| The problem |
Give the data below again, word for word.

| Exercise data |
==*==

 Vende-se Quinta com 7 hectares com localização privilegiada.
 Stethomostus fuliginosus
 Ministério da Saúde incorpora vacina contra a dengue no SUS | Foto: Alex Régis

==*==

| Answer for this exercise |
 Vende-se Quinta com 7 hectares com localização privilegiada.
 Stethomostus fuliginosus
 Ministério da Saúde incorpora vacina contra a dengue no SUS | Foto: Alex Régis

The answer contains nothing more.